Sigo creyendo en los Reyes Magos. Da igual que mis deseos sean cada vez más libertinos y la moral—siempre contra vientos y mareas puritanas—, menos rígida. Y que cada mañana de Reyes el sol esté más alto cuando me acerco a la chimenea, armado con un buen copazo –la ginebra con zumo de pomelo de Buscastell es ya un clásico pitiuso — que me ayudará a soportar valerosamente los frutos kármicos de una conducta licenciosa, pero que me hermana en la ética universal de un presocrático, un pagano piel roja o una danzarina babilónica.
Las ilusiones de los niños son tan sagradas como contagiosas.
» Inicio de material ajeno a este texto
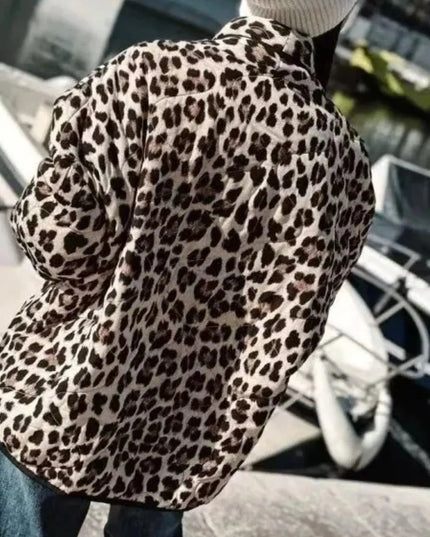 Leopard Open Front Long Sleeve Outerwear - ShopEasier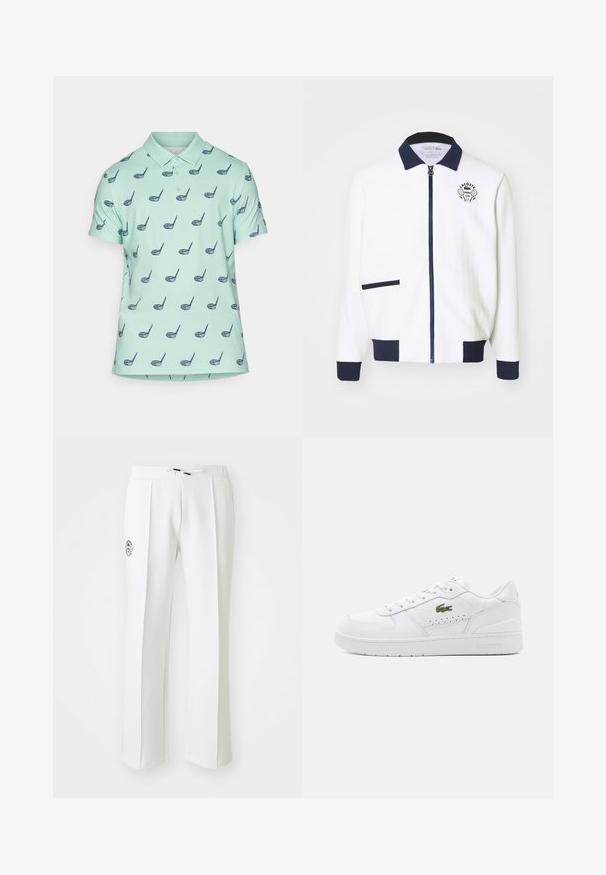 Hvid zip-up jakke med en marineblå krave, marineblå detaljer og et tennis klublogo på brystet. Har en lille frontlomme. Struktureret stof.; Polo skjorte i lys mintgrøn med navy golfklub tryk, korte ærmer og klassisk krave, lavet af blødt, åndbart stof.; Hvide bukser med lige snit, lavet af blødt materiale, med en elastisk talje og en logo-brodering på venstre side.; Hvide lædersneakers med perforerede detaljer, flade snørebånd og et lille grønt logo på siden. Gummisål og polstret krave for komfort.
Las cabalgatas por los pueblos españoles son una hermosa tradición que resiste fuerte en vísperas de la Epifanía, asombrando a los ayatolás de la globalización que pretenden imponernos la visión de un orondo barbudo con los colores del Atleti que aparece entre las dunas ofreciendo una copita de aquavit.
Belén es un área mágica de cuyo telúrico manantial beben las tres grandes religiones monoteístas, que pese a sus deseos de paz siguen a la gresca en nombre del mismo Dios. Y me fascina la historia maravillosa de la Estrella guiadora de los Reyes Magos a través de los desiertos nocturnos, cómo esquivan a los celosos Herodes y llegan a un humilde pesebre para entregar presentes al recién nacido y felicitar a la madre.
La copa está afinada y me sitúa en sintonía, que el estado de ánimo es un ritmo. Y brindo por la Madre y el Niño. El mensaje de alegría, gozo, bondad y esperanza sigue vivo y cálido en el mundo cíclico que los gélidos nanotecnólogos pretenden volver digital. Y prefiero, desde mi cómoda pero no ciega atalaya, creer que en el corazón del hombre sigue latiendo un niño que podrá dominar a los lobos.